● About this task:
What is needed is an exact copy of the entries, with the pictures excluded.

● Data shown:
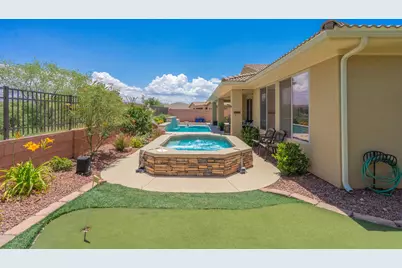 1578 N Liberty Greens Dr, Washington, UT 84780 - Photo 42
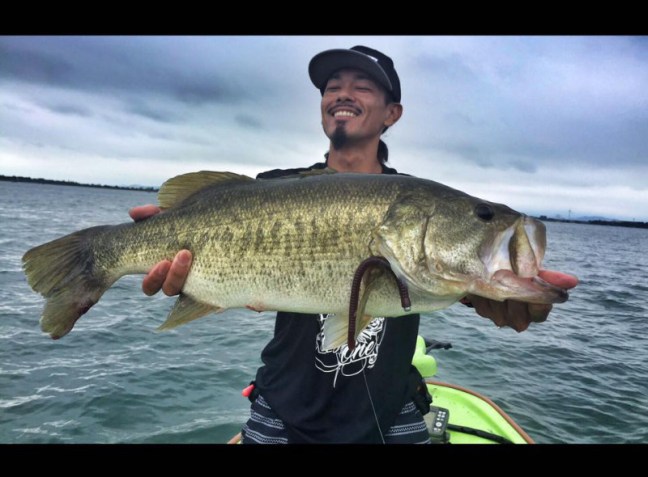 o0960070814005935825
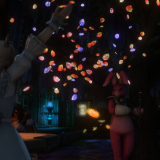 ba55630ed03d20e9a8aeebc1b2f26dc6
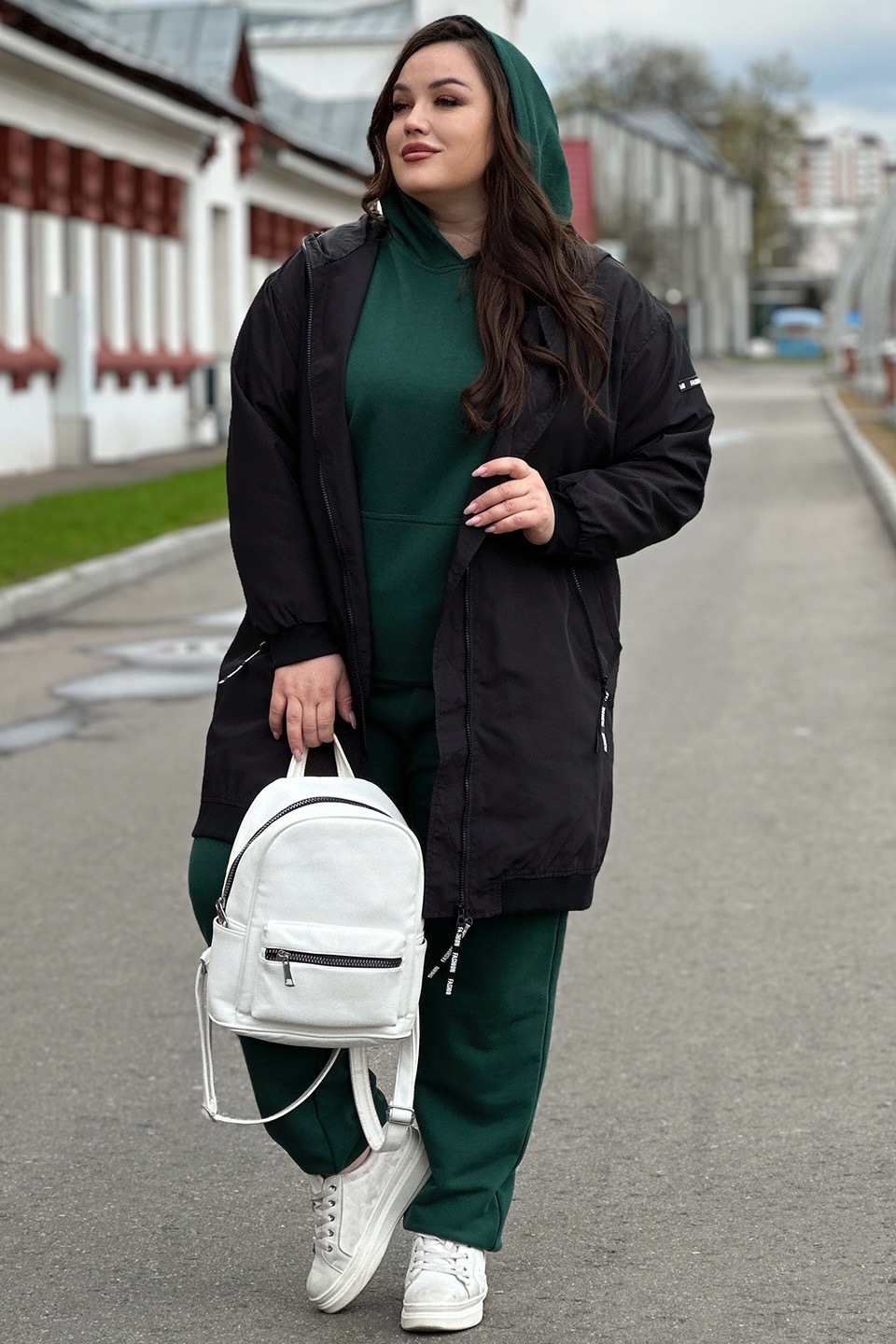 Костюм-1334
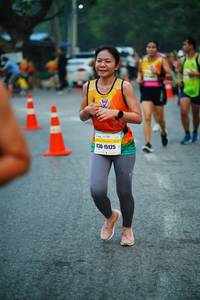 BIB: 15125
                            <button type="button" onclick="openModal(7584494)" class="btn btn-primary btn-sm float-right btn-popup" data-toggle="modal" data-target=".modal-high-quality">
                        <i class="fas fa-shopping-cart"></i> Add to Cart
                    </button>
                                            <button type="button" onclick="isThisMe(7584494, true)" class="btn btn-success btn-sm float-right btn-popup btn-isme hidden" data-toggle="tooltip" data-placement="bottom" title="นี่คือรูปของคุณใช่ไหม คลิกที่นี่เพื่อเอาเข้าอัลบั้ม">
                        <i class="fas fa-plus"></i> Add to album
                    </button>
                    <button type="button" onclick="isThisMe(7584494, false)" class="btn btn-warning btn-sm float-right btn-popup btn-isnotme hidden">
                        <i class="fas fa-ban"></i> Remove from album
                    </button>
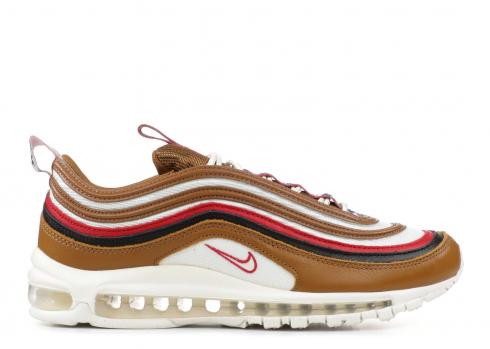 air max 97 tt prm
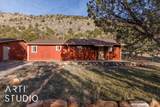 5224 Stone Dr - Photo 49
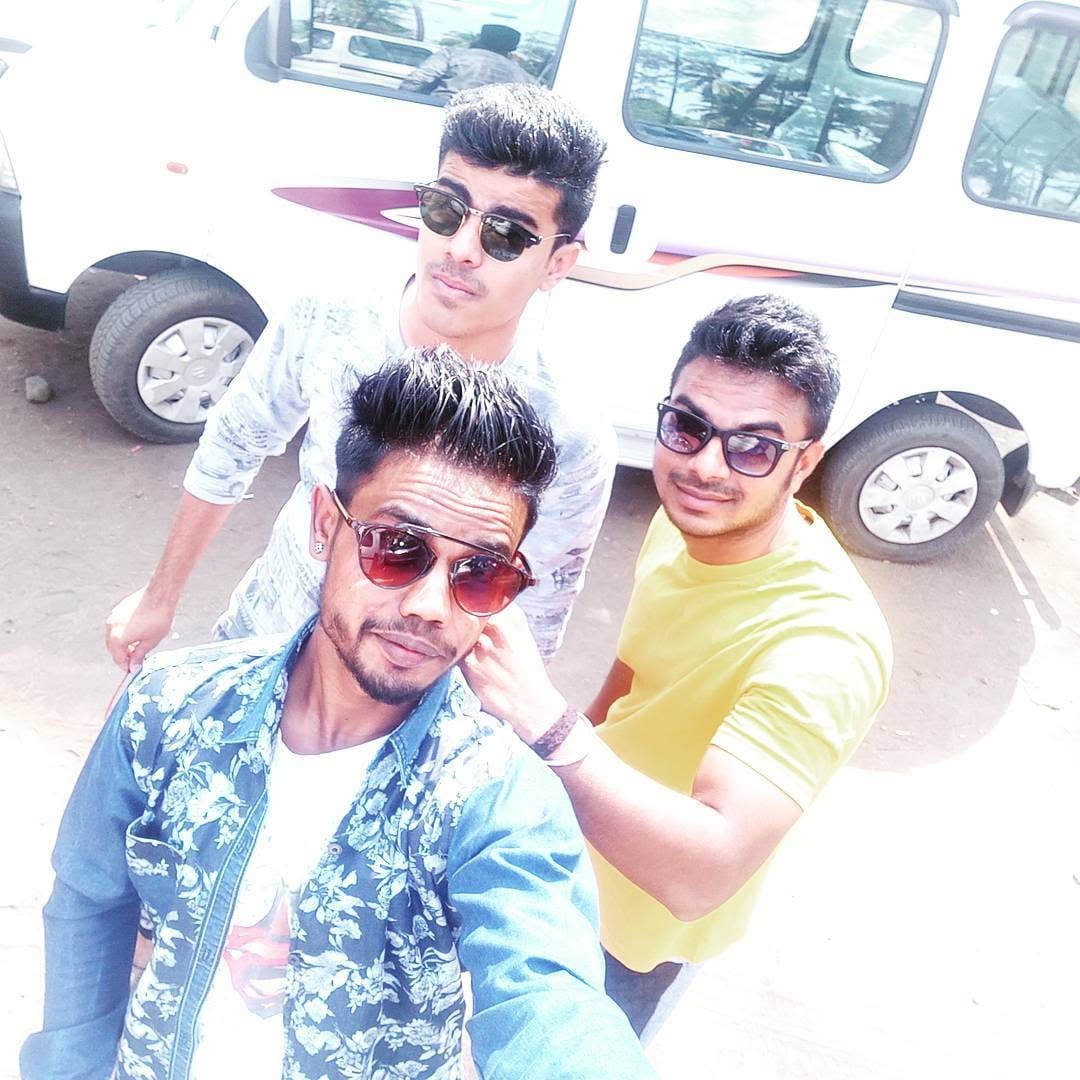 Post 9 by 👑Sehzad. Shaikh👑 on Instagram (image)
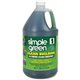 Simple Green All-purpose Cleaner Concentrate - For Multipurpose - Concentrate - 128 fl oz (4 quart) - 2 / Carton - VOC-free, Fra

● Exercise output:
 1578 N Liberty Greens Dr, Washington, UT 84780 - Photo 42
 o0960070814005935825
 ba55630ed03d20e9a8aeebc1b2f26dc6
 Костюм-1334
 BIB: 15125
                            <button type="button" onclick="openModal(7584494)" class="btn btn-primary btn-sm float-right btn-popup" data-toggle="modal" data-target=".modal-high-quality">
                        <i class="fas fa-shopping-cart"></i> Add to Cart
                    </button>
                                            <button type="button" onclick="isThisMe(7584494, true)" class="btn btn-success btn-sm float-right btn-popup btn-isme hidden" data-toggle="tooltip" data-placement="bottom" title="นี่คือรูปของคุณใช่ไหม คลิกที่นี่เพื่อเอาเข้าอัลบั้ม">
                        <i class="fas fa-plus"></i> Add to album
                    </button>
                    <button type="button" onclick="isThisMe(7584494, false)" class="btn btn-warning btn-sm float-right btn-popup btn-isnotme hidden">
                        <i class="fas fa-ban"></i> Remove from album
                    </button>
 air max 97 tt prm
 5224 Stone Dr - Photo 49
 Post 9 by 👑Sehzad. Shaikh👑 on Instagram (image)
 Simple Green All-purpose Cleaner Concentrate - For Multipurpose - Concentrate - 128 fl oz (4 quart) - 2 / Carton - VOC-free, Fra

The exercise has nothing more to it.